### Work task
Exactly as they appear, write the lines from the one containing "Coffee/tea facilities, Kitchen" to the final line of the entries, leaving pictures out.

****************

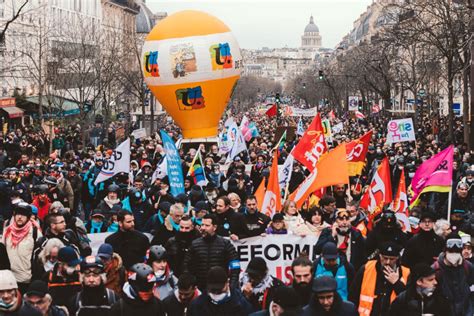 We Francji trwają strajki Ścisk chaos i frustracja WP Kobieta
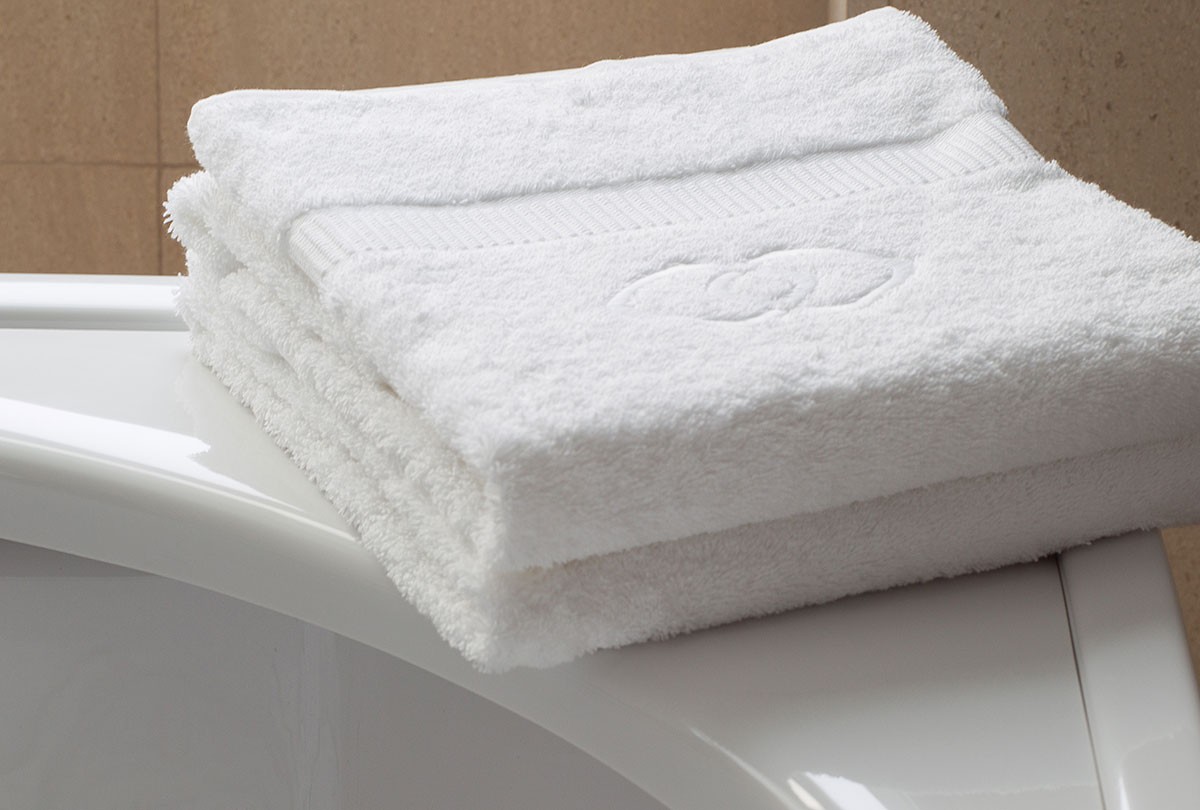 https://cdn.shopsofitel.cn/catalog/product/s/o/sofitel_-_signature-bath-towel.jpg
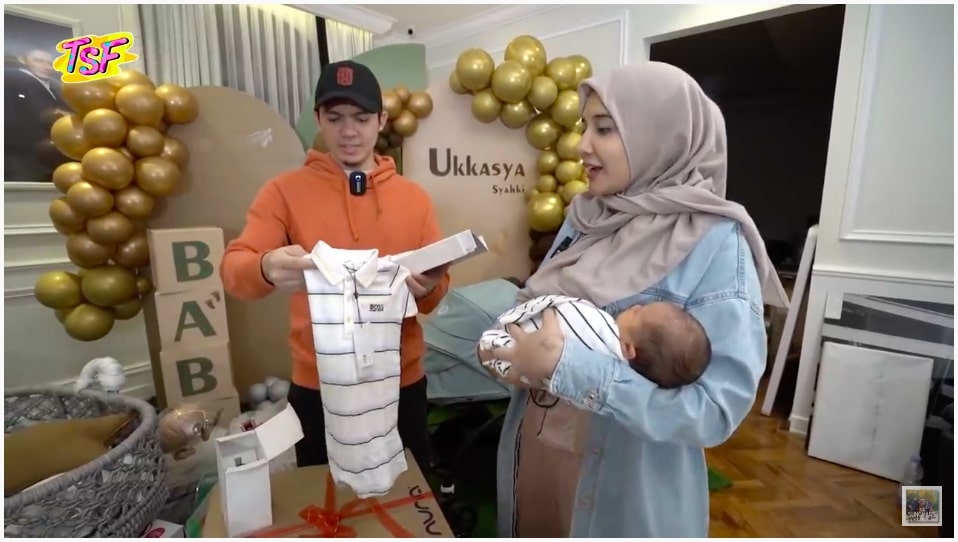7 Momen Zaskia Sungkar dan Irwansyah buka kado untuk baby Ukkasya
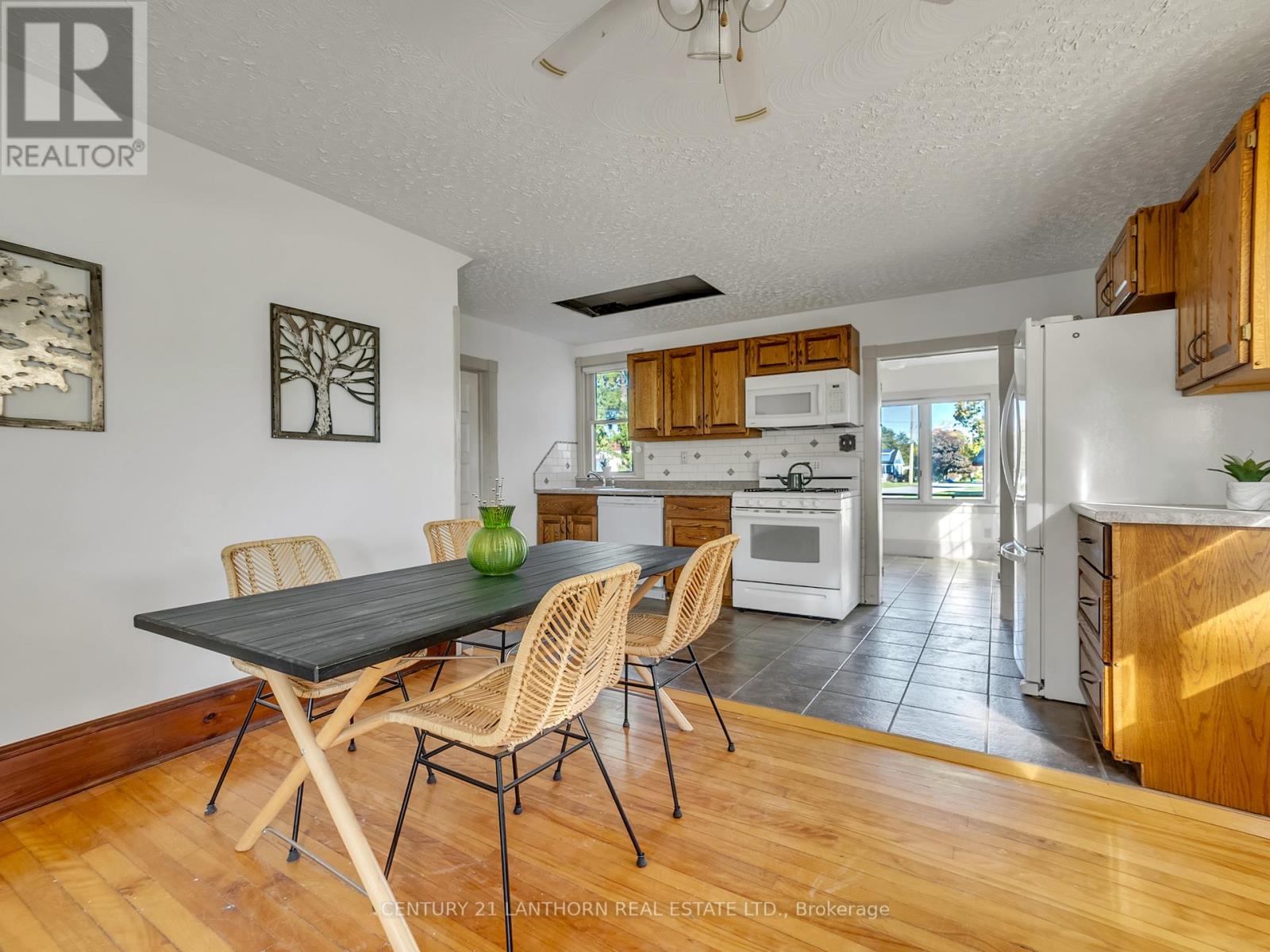 49 Consecon Street, Prince Edward County, Ontario  K0K 3L0 - Photo 16 - X12568886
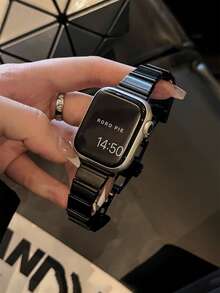 1条不对称金属表带，兼容 42mm、38mm、40mm、41mm、44mm、45mm、46mm、49mm直径，时尚智能手表替换表带，适用于Series Ultra2、Ultra SE2、SE 11、10、9、8、7、6、5、4、3、2、1，男女通用 - 黑色 - 查看 7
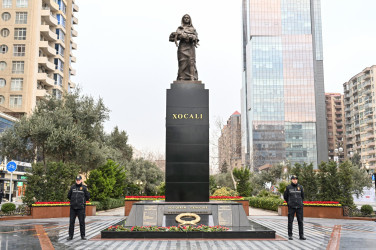 Официальные лица государства и правительства посетили памятник жертвам Ходжалинского геноцида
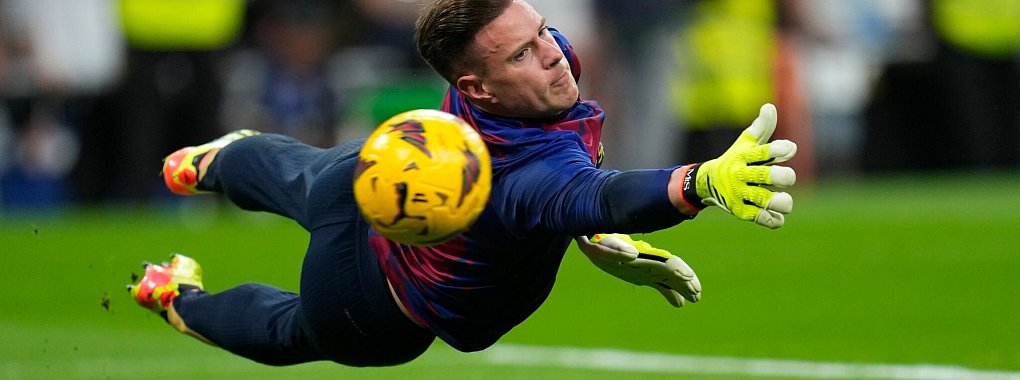 Barcelonas Torh&uuml;ter Marc-Andr&eacute; ter Stegen &auml;rgert sich &uuml;ber die fehlende Torlinientechnik. - &copy; Manu Fernandez/AP/dpa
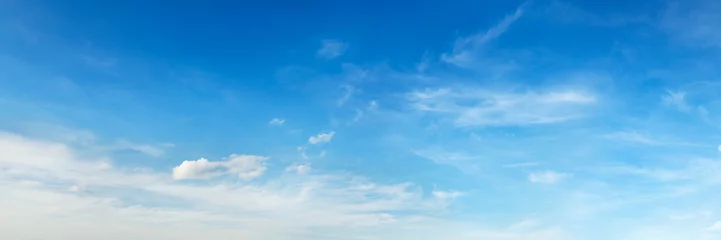 Keuken spatwand met foto panorama blauwe lucht met witte wolk achtergrond © lovelyday12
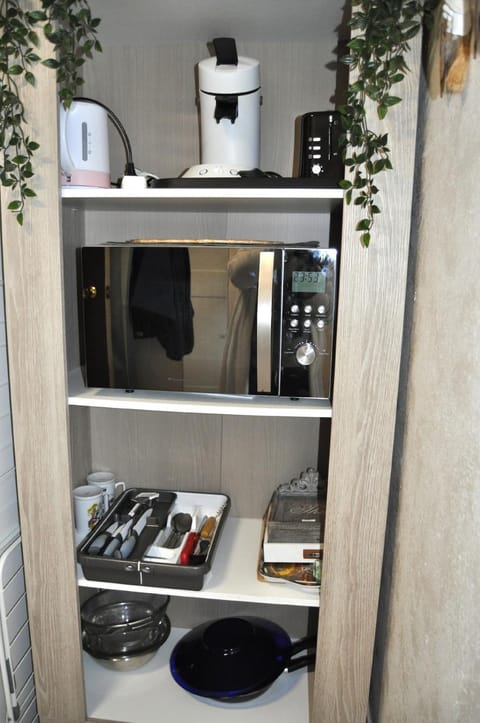 Coffee/tea facilities, Kitchen or kitchenette, toaster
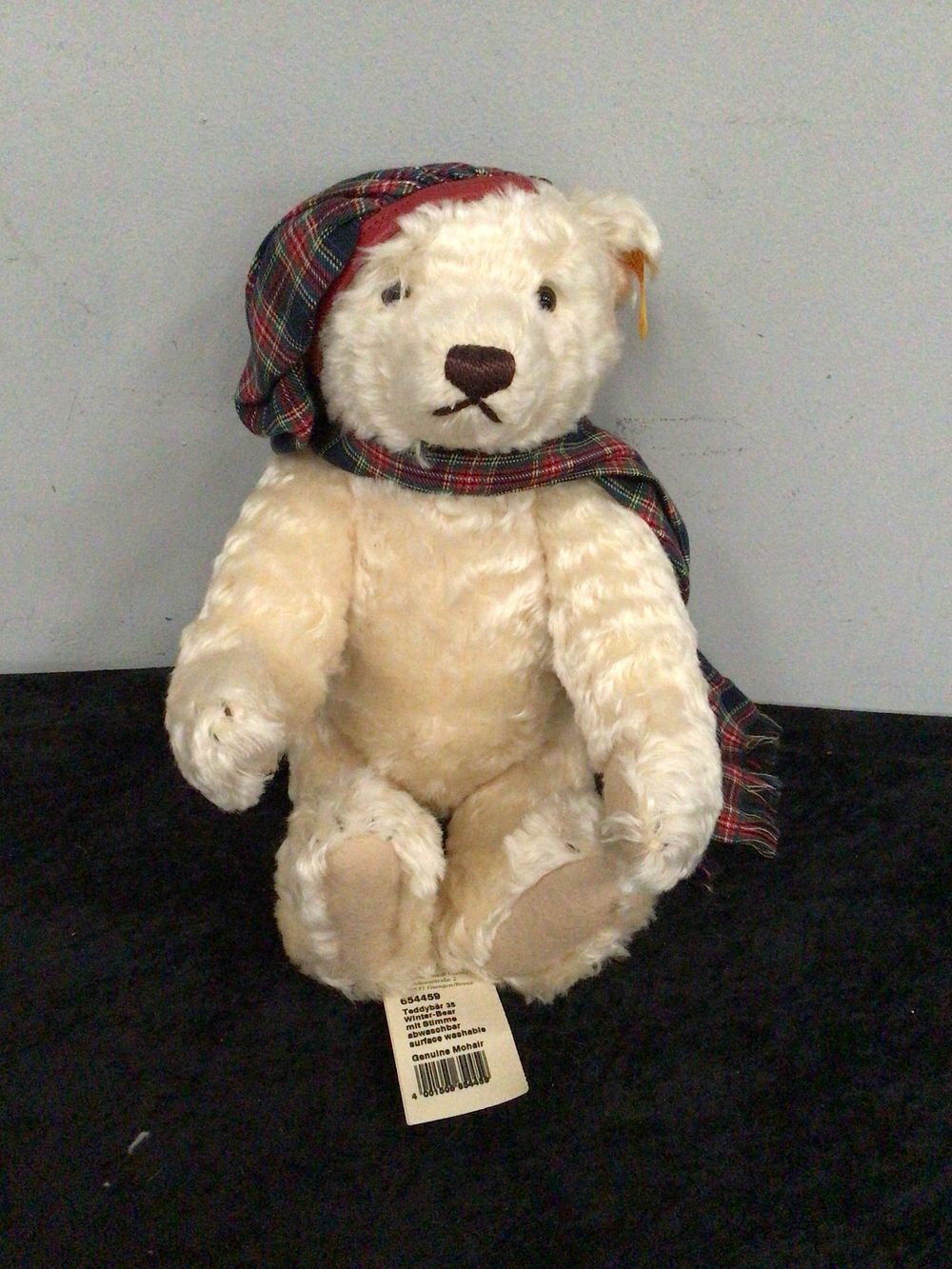 Lot 271: Steiff 'Four Seasons Winter Colin' Growler Teddy Bear, Model No. 654459, 35cm, circa 1998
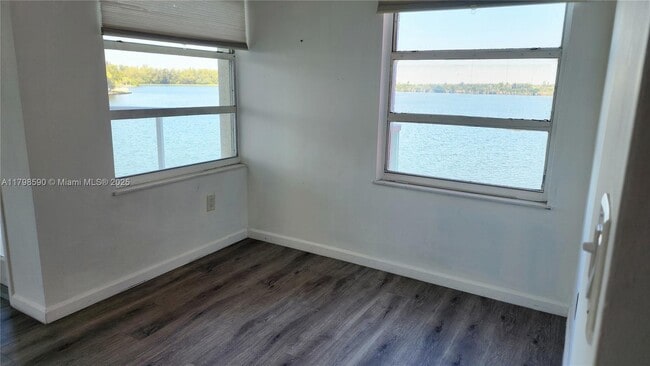 Building Photo - 1301 NE Miami Gardens Dr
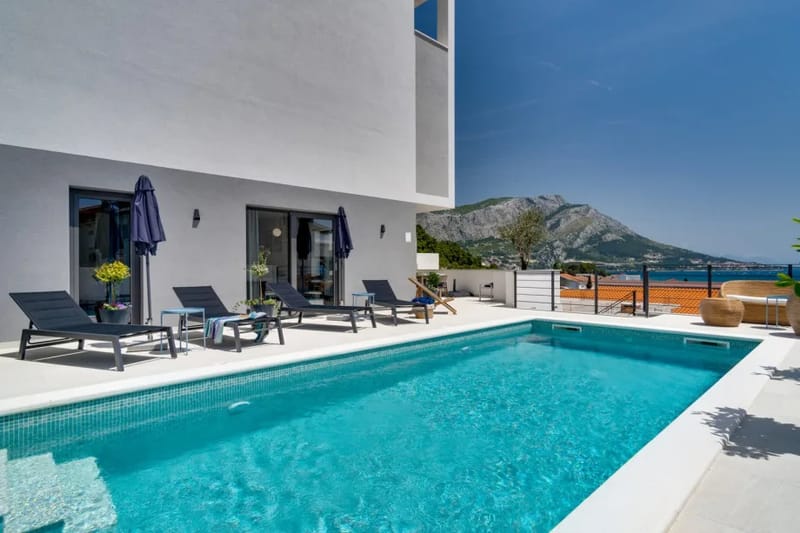 Piscina privada climatizada con hidromasaje, vistas increíbles al mar desde todas las habitaciones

****************

### Result of this task
 Coffee/tea facilities, Kitchen or kitchenette, toaster
 Lot 271: Steiff 'Four Seasons Winter Colin' Growler Teddy Bear, Model No. 654459, 35cm, circa 1998
 Building Photo - 1301 NE Miami Gardens Dr
 Piscina privada climatizada con hidromasaje, vistas increíbles al mar desde todas las habitaciones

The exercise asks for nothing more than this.